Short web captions
########################################

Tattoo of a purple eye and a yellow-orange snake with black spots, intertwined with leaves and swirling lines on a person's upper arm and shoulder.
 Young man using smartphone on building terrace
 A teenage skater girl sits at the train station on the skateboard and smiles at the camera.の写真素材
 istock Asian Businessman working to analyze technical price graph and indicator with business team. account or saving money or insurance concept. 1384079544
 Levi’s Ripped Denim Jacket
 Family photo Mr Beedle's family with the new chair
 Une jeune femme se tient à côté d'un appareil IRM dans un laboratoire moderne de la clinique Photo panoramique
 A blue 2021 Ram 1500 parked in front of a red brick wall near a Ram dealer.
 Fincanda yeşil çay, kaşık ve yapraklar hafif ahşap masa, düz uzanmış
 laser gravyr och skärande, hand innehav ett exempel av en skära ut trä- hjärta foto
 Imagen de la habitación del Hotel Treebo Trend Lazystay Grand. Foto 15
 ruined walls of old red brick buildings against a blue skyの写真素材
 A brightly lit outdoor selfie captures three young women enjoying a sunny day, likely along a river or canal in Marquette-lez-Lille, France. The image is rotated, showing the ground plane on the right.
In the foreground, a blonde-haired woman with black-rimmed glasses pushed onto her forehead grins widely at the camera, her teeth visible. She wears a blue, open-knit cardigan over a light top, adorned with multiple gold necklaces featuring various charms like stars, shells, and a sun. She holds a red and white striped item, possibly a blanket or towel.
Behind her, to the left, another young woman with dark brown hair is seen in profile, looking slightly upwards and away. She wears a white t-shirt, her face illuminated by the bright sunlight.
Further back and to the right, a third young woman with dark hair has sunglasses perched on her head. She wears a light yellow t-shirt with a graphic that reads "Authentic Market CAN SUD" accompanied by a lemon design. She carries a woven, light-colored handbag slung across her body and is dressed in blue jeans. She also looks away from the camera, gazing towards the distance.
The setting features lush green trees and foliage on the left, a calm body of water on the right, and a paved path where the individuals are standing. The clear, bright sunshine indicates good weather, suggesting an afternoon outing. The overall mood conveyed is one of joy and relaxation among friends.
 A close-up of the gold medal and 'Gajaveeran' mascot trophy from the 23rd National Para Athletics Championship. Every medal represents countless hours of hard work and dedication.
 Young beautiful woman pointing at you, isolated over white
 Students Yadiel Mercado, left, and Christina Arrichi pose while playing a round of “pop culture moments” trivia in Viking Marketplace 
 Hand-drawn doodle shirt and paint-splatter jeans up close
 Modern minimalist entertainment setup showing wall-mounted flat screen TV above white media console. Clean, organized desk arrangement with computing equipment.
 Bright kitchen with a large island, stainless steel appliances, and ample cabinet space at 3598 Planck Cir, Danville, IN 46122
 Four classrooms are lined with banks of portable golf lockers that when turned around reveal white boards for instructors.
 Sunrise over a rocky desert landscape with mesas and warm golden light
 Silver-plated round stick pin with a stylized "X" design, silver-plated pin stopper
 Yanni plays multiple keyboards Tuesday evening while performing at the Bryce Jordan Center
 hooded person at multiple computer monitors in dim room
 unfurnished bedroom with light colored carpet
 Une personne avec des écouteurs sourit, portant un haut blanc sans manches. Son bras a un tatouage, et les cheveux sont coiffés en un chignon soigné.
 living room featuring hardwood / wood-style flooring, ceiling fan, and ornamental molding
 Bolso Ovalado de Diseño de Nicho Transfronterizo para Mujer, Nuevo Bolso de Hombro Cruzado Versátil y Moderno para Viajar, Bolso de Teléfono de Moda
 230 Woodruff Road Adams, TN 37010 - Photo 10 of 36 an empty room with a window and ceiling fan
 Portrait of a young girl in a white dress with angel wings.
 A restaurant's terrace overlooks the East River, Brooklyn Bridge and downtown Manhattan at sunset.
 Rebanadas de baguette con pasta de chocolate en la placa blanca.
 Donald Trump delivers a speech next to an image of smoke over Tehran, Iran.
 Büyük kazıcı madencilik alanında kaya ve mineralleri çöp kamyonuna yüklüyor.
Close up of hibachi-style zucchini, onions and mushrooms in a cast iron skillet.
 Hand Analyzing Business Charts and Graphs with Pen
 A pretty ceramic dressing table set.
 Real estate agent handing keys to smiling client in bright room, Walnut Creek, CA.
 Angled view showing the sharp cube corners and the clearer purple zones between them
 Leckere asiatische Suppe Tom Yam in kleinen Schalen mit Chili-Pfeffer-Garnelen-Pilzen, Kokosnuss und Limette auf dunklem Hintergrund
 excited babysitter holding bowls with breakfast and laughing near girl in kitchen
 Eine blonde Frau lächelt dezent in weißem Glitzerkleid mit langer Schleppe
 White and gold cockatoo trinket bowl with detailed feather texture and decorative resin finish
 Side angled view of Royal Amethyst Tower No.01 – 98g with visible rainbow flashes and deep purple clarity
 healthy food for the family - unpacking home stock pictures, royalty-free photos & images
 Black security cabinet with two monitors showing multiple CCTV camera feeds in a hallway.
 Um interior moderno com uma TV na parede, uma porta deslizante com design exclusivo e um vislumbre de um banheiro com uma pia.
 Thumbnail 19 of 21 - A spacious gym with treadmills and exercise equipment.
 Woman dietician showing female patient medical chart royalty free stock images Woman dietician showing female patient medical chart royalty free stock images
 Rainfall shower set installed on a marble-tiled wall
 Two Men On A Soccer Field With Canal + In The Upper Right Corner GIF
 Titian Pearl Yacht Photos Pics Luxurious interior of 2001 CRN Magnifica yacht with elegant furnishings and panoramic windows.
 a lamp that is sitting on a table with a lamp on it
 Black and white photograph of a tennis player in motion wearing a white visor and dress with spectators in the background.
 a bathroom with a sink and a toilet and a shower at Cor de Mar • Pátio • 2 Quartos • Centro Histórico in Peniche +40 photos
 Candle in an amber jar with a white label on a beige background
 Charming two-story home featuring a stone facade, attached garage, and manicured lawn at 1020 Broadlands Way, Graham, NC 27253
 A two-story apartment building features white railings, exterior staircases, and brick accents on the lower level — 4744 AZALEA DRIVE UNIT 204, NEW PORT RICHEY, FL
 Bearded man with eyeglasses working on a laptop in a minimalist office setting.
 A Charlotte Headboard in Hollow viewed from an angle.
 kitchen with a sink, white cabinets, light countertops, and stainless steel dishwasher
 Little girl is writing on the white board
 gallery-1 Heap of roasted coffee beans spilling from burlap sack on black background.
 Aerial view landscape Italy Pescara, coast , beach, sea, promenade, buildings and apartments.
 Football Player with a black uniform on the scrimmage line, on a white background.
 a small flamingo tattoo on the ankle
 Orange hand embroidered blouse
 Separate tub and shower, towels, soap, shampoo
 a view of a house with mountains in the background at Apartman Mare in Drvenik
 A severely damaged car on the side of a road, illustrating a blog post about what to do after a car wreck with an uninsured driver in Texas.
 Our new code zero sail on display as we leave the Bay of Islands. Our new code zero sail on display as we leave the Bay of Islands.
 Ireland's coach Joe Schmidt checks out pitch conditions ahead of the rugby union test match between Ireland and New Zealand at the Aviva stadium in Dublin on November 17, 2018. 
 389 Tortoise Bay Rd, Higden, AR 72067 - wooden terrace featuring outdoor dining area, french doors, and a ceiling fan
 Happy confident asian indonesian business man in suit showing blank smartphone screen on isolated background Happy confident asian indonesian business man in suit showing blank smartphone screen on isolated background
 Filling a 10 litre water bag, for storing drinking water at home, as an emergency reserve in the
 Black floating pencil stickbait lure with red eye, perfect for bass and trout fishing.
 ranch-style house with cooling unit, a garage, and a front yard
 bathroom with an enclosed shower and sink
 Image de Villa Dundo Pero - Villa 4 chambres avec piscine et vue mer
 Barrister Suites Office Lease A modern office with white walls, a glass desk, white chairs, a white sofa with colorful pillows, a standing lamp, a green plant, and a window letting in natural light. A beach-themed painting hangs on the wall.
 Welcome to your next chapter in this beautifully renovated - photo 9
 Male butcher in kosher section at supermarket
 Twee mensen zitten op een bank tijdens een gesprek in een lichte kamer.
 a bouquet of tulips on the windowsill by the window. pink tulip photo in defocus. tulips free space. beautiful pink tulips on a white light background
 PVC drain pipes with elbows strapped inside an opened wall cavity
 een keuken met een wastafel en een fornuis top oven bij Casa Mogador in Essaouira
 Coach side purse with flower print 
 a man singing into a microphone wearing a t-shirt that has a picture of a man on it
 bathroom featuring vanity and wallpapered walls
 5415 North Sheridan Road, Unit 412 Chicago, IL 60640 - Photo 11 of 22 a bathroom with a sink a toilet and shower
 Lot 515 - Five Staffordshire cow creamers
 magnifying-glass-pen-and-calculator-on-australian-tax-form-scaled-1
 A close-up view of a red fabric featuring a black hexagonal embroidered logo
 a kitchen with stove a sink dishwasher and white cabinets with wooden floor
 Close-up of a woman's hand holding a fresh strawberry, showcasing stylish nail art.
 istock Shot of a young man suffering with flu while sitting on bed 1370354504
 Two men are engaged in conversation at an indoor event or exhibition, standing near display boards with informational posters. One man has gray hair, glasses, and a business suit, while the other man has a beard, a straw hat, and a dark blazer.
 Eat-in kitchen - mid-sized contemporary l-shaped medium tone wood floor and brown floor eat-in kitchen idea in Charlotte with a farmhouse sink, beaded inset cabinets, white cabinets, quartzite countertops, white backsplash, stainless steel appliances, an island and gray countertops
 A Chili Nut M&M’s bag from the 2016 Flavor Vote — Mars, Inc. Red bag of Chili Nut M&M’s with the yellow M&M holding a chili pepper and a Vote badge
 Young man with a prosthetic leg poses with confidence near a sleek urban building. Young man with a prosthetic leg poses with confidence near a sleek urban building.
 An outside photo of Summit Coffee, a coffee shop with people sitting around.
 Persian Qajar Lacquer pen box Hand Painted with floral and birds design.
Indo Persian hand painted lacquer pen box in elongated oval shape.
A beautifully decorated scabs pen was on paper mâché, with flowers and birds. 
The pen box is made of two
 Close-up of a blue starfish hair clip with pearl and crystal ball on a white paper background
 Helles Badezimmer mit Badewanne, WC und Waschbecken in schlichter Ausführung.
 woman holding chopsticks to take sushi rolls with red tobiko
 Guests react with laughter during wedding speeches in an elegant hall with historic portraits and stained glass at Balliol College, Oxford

########################################

Above are the records; copy exactly the lines from the line with "a bathroom with a sink and" through the line with "of Islands. Our", both included.

#### Output for this task:
 a bathroom with a sink and a toilet and a shower at Cor de Mar • Pátio • 2 Quartos • Centro Histórico in Peniche +40 photos
 Candle in an amber jar with a white label on a beige background
 Charming two-story home featuring a stone facade, attached garage, and manicured lawn at 1020 Broadlands Way, Graham, NC 27253
 A two-story apartment building features white railings, exterior staircases, and brick accents on the lower level — 4744 AZALEA DRIVE UNIT 204, NEW PORT RICHEY, FL
 Bearded man with eyeglasses working on a laptop in a minimalist office setting.
 A Charlotte Headboard in Hollow viewed from an angle.
 kitchen with a sink, white cabinets, light countertops, and stainless steel dishwasher
 Little girl is writing on the white board
 gallery-1 Heap of roasted coffee beans spilling from burlap sack on black background.
 Aerial view landscape Italy Pescara, coast , beach, sea, promenade, buildings and apartments.
 Football Player with a black uniform on the scrimmage line, on a white background.
 a small flamingo tattoo on the ankle
 Orange hand embroidered blouse
 Separate tub and shower, towels, soap, shampoo
 a view of a house with mountains in the background at Apartman Mare in Drvenik
 A severely damaged car on the side of a road, illustrating a blog post about what to do after a car wreck with an uninsured driver in Texas.
 Our new code zero sail on display as we leave the Bay of Islands. Our new code zero sail on display as we leave the Bay of Islands.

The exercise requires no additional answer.